Stephen Leckie believes community councils are at the heart of Scotland’s towns and important for regeneration. “Every Scottish town that is inherently linked to tourism has a heartbeat and that must continue. How do you keep this going? Visitors want to visit other places around Scotland, not just the cities.” He says Oban, Peebles and Crieff have amazing potential and Business Improvement Districts are vital, so that people can pull their resources together.
Stephen Leckie: “There is still a lack of awareness among the wider Scottish community about the importance of tourism, and that bothers me. Many MSPs don’t want to speak about tourism and still regard it as a cottage industry, when it is much, much more than that. It’s one of Scottish Enterprise’s four key industries for growth in the next five years.
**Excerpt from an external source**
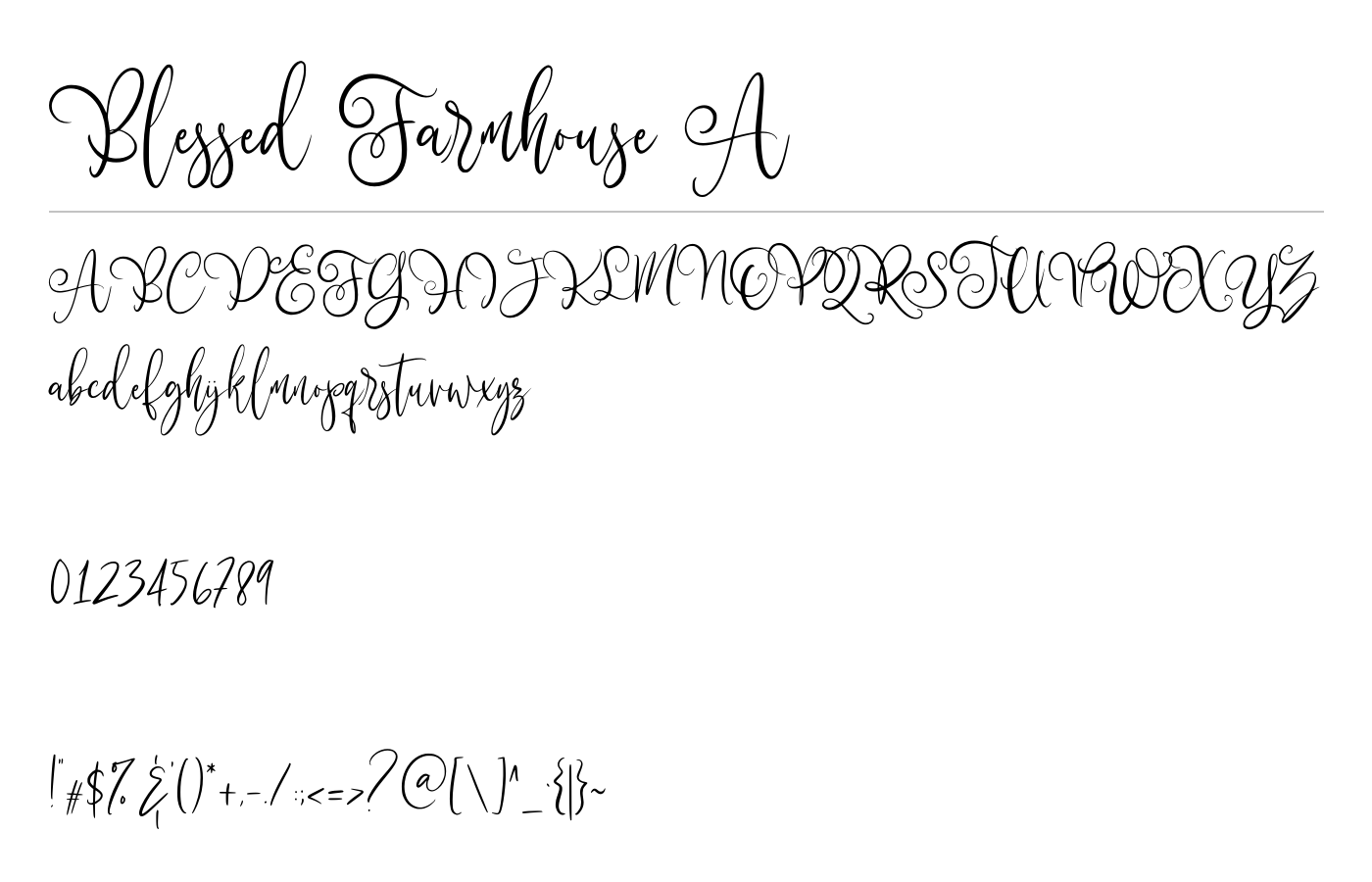 Blessed Farmhouse A Font preview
It has to be on the agenda for all the MSPs.”
Karen Wood explained how she has been with the EICC for 22 years and has watched it grow from a hole in the ground to a conference centre of international size and stature, with the new extension opening in 2013.
“Our raison-d’etre is to create economic impact for Edinburgh and Scotland. So we do have a vested interest in keeping the momentum to optimise the legacy opportunity. Certainly for us, the summer of 2014 put Scotland firmly in the global spotlight using multi-media channels to reach an audience of over one billion. This was a chance to shape international perceptions of Scotland as a world-class product on a global stage.”
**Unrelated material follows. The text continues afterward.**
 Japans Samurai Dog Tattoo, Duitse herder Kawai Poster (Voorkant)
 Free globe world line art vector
Mike Cantlay warned that previous Commonwealth Games and Olympics, pre-London, had not maximised the benefits of the events.“The clear success of London post the Olympics is obvious but I’m mindful that all the recent Ryder Cups and Olympics didn’t maximise and if you go back to the Sydney Olympics they saw a drop after the Games, and it took them ten years to get back to where they were. We can’t let the momentum slow.”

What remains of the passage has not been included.